Council lays out the timeline
According to the City of Clyde Hill, the council is set to consider authorizing a ballot measure at its July 14 meeting and has extended the deadline for Pro and Con committee applications to July 8. A resident-led Financial Sustainability Task Force has recommended moving ahead with a levy lid lift to maintain current service levels and local control. If the council advances the idea, voters would decide this November whether to raise the city’s portion of the property tax.
Task force: a structural shortfall and two levers
City presentations and task force materials describe a structural budget gap built into the system. Costs rise faster than the 1% annual limit on regular levy growth, which leaves the city pinched even without big new programs. The city’s open house slides and financial planning documents show a projected funding gap of roughly $665,000 by 2030 and lay out two main levers to close it: creating a new stormwater utility to move certain expenses off the general fund, and asking voters to approve a levy lid lift. The same materials estimate that the average household impact of the combined package would land at roughly $600 to $1,000 per year, depending on the final mix of fees and taxes.
The levy on the table
The measure under discussion would raise Clyde Hill’s levy rate to $0.50 per $1,000 of assessed value, roughly a 69% jump from the current municipal rate, and would be the largest local property tax increase the city has debated in decades, according to The Urbanist. Council materials present the hike as a way to protect the city’s independent police force and its existing fire and EMS contract. Task force member Wayne Burns told council members that, without action, Clyde Hill “was going to go bankrupt or it was going to get absorbed by another city,” according to the same reporting.
Why this came to a head
State housing reforms passed in 2023 require many cities to allow middle housing types such as duplexes, and the Department of Commerce published a model ordinance to help local governments implement those mandates. The middle housing law and other unfunded state requirements are cited in the city’s financial planning as a driver of consultant and compliance costs. City planning and finance documents note that choosing to build a local framework instead of adopting the Commerce model has increased staff and consultant workload, and the bill for that extra work has added to Clyde Hill's budget pressure.

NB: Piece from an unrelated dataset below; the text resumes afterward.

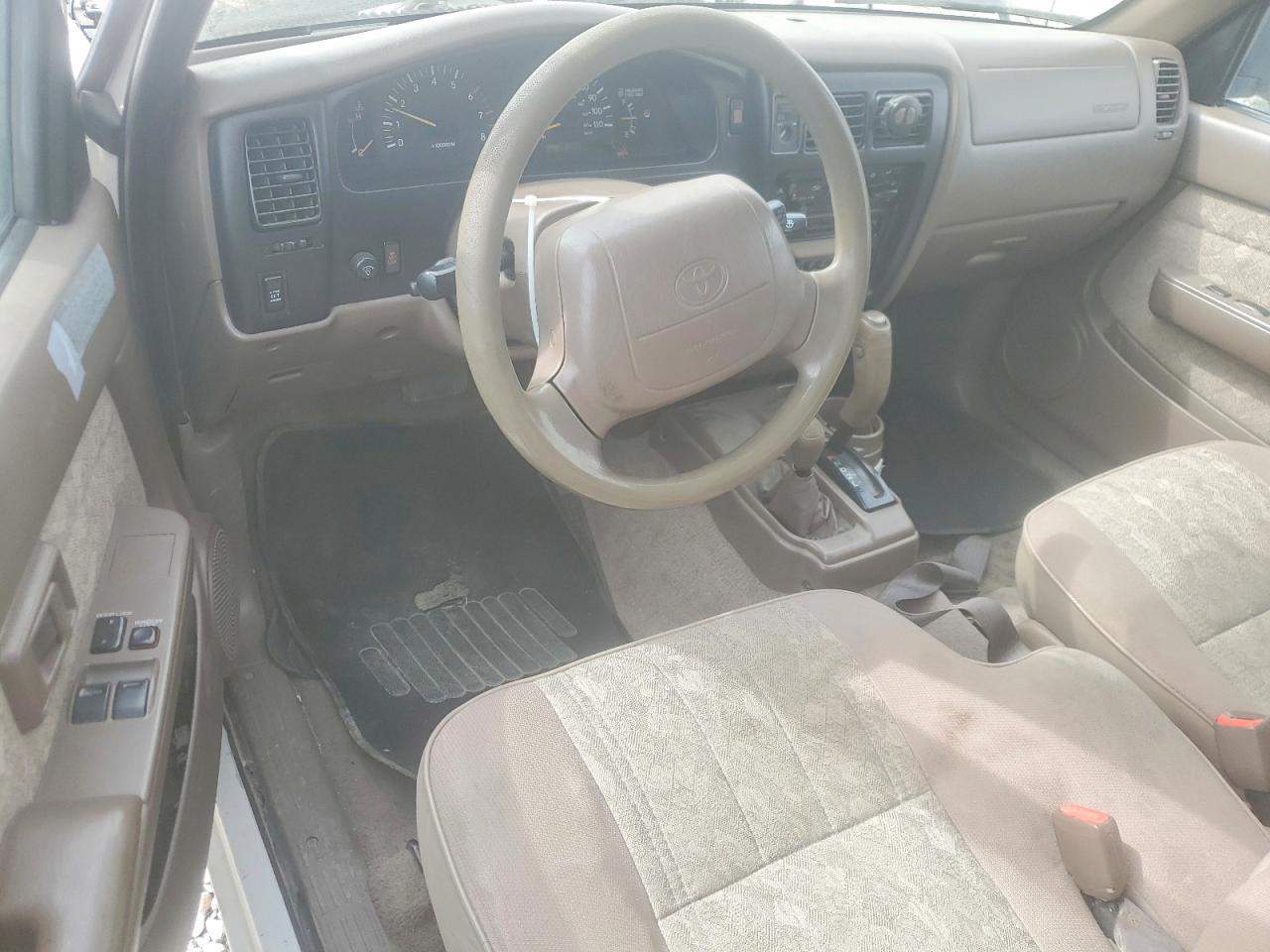 2000 Toyota Tacoma Xtracab Белый vin: 4TAWN72N2YZ598480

Legal and political stakes
The revenue push is unfolding while Clyde Hill also faces a legal appeal over its growth framework from the land use group Futurewise, a challenge that could complicate planning and compliance efforts. Local leaders have even floated other late stage options, including at one point withdrawing from the King County Library System, as ways to shift the tax burden, a tactic small neighboring towns have used before.
What comes next
If the council votes on July 14 to place the measure on the November ballot, the city will appoint Pro and Con committees and begin enrollment and outreach ahead of the county’s filing deadlines. The city’s levy planning materials also lay out the filing and election calendar for a November 2026 measure. Residents who want to serve on the Pro or Con committees must submit applications to the city clerk by 4 p.m. on Wednesday, July 8, according to the city notice, and the council is expected to select committee members at the July 14 meeting.
Bottom line for residents
The question in front of Clyde Hill voters is being framed as a tradeoff between decades of relatively low local taxes and keeping a small city’s services and autonomy intact. The council and task force say the levy would preserve the status quo for police, fire, and local control. Opponents will likely push for deeper cuts or service consolidation instead. The next two weeks of council meetings and committee appointments will shape the exact language that voters see on the November ballot.